Richard Serra “Titled Arc” / US government
(In 1981, the US Arts-in-Architecture program (part of the US General Services Administration) commissioned artist Richard Serra to create a work of public art for the Federal Plaza in NYC.
The work proved controversial from the outset: some balked at its cost ($175,000 for a solid block of steel); others objected to the graffiti and rats it seemed to attract; others simply found it an eyesore. Most significantly, a number of people working in surrounding buildings complained that the work was an inconvenience, as they were forced to walk around the massive sculpture as they crossed the plaza. (Which, according to Serra, was precisely the point: “The viewer becomes aware of himself and of his movement through the plaza. As he moves, the sculpture changes. Contraction and expansion of the sculpture result from the viewer’s movement. Step by step the perception not only of the sculpture but of the entire environment changes.”)

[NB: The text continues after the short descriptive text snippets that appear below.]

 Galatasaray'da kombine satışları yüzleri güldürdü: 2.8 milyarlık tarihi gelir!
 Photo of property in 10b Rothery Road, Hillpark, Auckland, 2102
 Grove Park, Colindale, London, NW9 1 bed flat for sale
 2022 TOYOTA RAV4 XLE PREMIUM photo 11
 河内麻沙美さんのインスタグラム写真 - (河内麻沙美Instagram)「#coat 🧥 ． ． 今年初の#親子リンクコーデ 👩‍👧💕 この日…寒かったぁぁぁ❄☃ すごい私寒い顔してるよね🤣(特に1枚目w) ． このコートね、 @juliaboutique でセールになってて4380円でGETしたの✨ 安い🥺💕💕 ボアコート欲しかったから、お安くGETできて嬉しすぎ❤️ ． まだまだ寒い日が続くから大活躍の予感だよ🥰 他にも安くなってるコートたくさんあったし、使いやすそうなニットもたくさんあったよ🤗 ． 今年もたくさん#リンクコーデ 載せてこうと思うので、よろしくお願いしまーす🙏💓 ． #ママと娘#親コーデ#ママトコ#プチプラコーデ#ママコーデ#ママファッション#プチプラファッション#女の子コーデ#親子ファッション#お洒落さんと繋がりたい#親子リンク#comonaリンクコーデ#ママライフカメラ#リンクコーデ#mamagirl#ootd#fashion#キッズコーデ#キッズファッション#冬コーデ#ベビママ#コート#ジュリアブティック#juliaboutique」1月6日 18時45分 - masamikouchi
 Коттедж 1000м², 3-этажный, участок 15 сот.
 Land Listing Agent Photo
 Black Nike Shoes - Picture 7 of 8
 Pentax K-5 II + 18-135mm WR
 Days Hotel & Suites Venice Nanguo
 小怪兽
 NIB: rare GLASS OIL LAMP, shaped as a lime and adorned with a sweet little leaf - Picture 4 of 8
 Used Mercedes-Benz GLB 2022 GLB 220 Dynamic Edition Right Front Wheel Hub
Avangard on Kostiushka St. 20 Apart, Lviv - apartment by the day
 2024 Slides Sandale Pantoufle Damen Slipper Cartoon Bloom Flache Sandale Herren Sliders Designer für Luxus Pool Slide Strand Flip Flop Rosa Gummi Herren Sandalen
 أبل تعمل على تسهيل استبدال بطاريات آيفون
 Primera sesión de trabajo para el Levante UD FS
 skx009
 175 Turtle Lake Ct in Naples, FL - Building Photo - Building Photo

As a result of this controversy, Judge Edward Re began a campaign to have the the sculpture removed. In 1985, there was a public hearing to determine whether Tilted Arc should be relocated. Serra, for his part, argued that work was site specific, that to remove it would be to destroy it, and if it was relocated, he would remove his name from the piece. At the end of the hearing, a jury ruled 4-1 to remove the piece. Serra appealed, and the ruling was debated over the course of the next five years or so.
In the end, the jury’s ruling was upheld. Exercising proprietary rights, authorities of the General Services Administration ordered the destruction of the public sculpture that their own agency had commissioned ten years earlier. Government workers dismantled the work on March 15, 1989.)